BUT - You know that it will be 0% of the time, since you have 3 of 3 in hand. This only holds true, however, because you've revealed 100% of the remaining.

This. I thought this is about the only argument you can make. But seriously:

Suppose we have this deck with 7 coppers and 3 estates. We draw the first hand to contain 1 estate.
 
According to you, the chance for the next card in the remaining 5 to be an estate is 30%. At least for us.

Suppose there is a guy who just came along. We told him that there are 3 coppers and 2 estates in the remaining 5- card deck. What would he say about the chance for the first card among the 5 to be an estate? 40% without question.

Why and how can our answers be different?

[Fabian]

Galzria,

Just want to make sure I'm getting your argument, please answer the following!

1. I shuffle my deck and draw my starting hand. My starting hand is 3 Estate and 2 Copper. Is the probability of me having an Estate on the bottom of my library a) 0% b) 30% c) 40% d) other?
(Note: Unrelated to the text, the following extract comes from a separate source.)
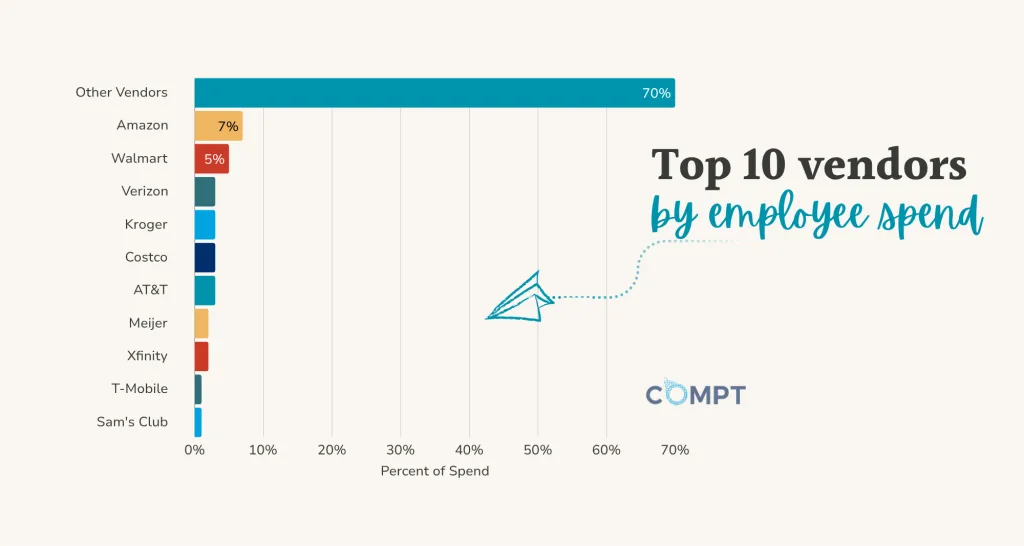 Top 10 Vendors by Employee Spend Compt ABR 2026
The odds that the bottom card is an Estate IS still 30% - BUT - You know that it will be 0% of the time, since you have 3 of 3 in hand. This only holds true, however, because you've revealed 100% of the remaining. Thusly:

2. I shuffle my deck and draw my starting hand. My starting hand is 2 Estate and 3 Copper. Is the probability of me having an Estate on the bottom of my library a) 0% b) 30% c) 40% d) other?

The odds that the bottom card is an Estate IS still 30% - BUT - In this case, intuitively, 1 in 5 remain to be an Estate, so it would SEEM to be 20%, but it isn't, because it's initial probability hasn't changed. Until you reach 0% or 100%, it remains 30% because that was the information the system was given to start. EVERY card is 30% until all are revealed. That is, even when you can know 100% of the time, if it IS or ISN'T, IT'S odds are still 30%.

3. I shuffle my deck and draw my starting hand. My starting hand is 1 Estate and 4 Copper. Is the probability of me having an Estate on the bottom of my library a) 0% b) 30% c) 40% d) other?

As above, The odds of the bottom card is an Estate IS still 30% - BUT - In this case, intuitively, 2/5 remain to be an Estate, so it would SEEM to be 40%, but it isn't.

-- Either way! -- I can't provide the proof right now, so I'm happy to abstain and let it stand with the intuitive answer until I can.

This is more than I could have hoped for, thanks!

[GendoIkari]

The odds that the bottom card is an Estate IS still 30% - BUT - You know that it will be 0% of the time, since you have 3 of 3 in hand. This only holds true, however, because you've revealed 100% of the remaining. Thusly:

Wait, what? I'm pretty sure you're using the word "odds" here differently than everyone else. If something happens 0% of the time, then the odds of it happening are 0%. You can't say that the odds are 30%, but it will happen 0% of the time. That's not a paradox; that's just defining the word "odds" differently.

[GendoIkari]

Since this is getting nowhere, I suggest people entertain themselves with a particularly mind wrinkling stats puzzle.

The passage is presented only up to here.